While Zimbabwe has hosted the likes of India and Sri Lanka for tri-series in recent years, the tourists left high-profile players such as Sachin Tendulkar, Mahendra Singh Dhoni and Kumar Sangakkara at home.
However that will not be the case this time around, with Australia bringing a full-strength squad as they begin their preparations for next year’s ICC World Cup. Aggressive opening batsman David Warner is the only player to have withdrawn from the Australian squad, in order to be present for the birth of his first child.
South Africa are equally focused on maximising their World Cup preparations, with their tour of Zimbabwe forming part of a busy run-in to the tournament in February and March.
Having won an ODI series in Sri Lanka for the first time in their history last month, the Proteas are in an excellent space but will hope that legendary all-rounder Jacques Kallis can return to form in Zimbabwe.

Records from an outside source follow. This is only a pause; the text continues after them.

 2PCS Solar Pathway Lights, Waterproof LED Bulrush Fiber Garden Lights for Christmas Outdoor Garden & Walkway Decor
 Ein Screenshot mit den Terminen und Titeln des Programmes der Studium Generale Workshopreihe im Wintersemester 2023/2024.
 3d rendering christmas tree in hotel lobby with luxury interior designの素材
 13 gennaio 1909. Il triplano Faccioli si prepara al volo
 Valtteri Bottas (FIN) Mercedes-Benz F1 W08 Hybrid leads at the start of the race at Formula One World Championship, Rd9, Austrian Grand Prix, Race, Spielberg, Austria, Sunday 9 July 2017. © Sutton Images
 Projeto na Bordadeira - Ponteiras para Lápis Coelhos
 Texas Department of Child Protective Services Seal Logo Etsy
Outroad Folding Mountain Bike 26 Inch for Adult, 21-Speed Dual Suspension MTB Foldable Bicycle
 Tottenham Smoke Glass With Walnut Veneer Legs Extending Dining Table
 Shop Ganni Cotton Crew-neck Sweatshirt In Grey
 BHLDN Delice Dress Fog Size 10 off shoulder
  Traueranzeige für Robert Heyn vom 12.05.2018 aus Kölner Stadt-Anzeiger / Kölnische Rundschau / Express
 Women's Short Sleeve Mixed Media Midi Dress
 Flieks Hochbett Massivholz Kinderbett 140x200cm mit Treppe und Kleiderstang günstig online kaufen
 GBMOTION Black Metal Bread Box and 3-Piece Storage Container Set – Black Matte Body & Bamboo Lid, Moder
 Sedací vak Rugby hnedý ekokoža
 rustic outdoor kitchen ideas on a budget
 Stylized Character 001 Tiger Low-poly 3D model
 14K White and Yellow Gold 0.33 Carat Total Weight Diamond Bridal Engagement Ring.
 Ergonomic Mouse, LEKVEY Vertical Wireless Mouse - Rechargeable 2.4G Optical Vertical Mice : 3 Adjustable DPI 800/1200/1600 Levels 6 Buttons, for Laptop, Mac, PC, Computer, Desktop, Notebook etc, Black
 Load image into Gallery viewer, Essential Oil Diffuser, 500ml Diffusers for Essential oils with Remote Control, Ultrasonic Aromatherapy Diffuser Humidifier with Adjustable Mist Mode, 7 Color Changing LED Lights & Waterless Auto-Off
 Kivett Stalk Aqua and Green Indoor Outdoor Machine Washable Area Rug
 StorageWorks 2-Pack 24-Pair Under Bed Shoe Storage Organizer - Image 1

Kallis retired from Test cricket in December and has set his sights on winning the one thing that has thus far eluded him throughout a 19-year international career: a major ICC trophy. However the 38-year-old scored just five runs in three ODIs in Sri Lanka, leading many to question whether he has lost his touch.
Not since Zimbabwe co-hosted the 2003 World Cup have so many players of such a high calibre graced the fields of Harare Sports Club.
This, however, means that the Zimbabwe team will face their toughest opposition for several years at a time when they are poorly prepared and equipped – and have suffered the embarrassment of drawing a one-day international series with Afghanistan.
The series against Afghanistan was designed to give Zimbabwe a relatively light warm-up for the more serious assignments that follow, but instead saw them sink to a new low as they lost the last two games to draw 2-2 against a team that only attained ODI status last year.
Financial mismanagement at Zimbabwe Cricket has contributed to disastrous levels of debt that have crippled the game at both domestic and international level, with the result that Zimbabwe have not played a Test match in almost a year.
“It’s a really tough task, but obviously everyone is keen to play against the top sides in the world because we want to try and prove a point,” Zimbabwe’s National Director of Coaching Andrew Waller told Harare News.
“Being underdogs, we’ve got nothing to lose and I’m hoping that will allow the guys to go out and play their natural games.
“When I watched South Africa’s games against Sri Lanka I thought that there’s no reason why we can’t cause an upset in one or two of the games, which would be nice because the guys have been practising bloody hard.”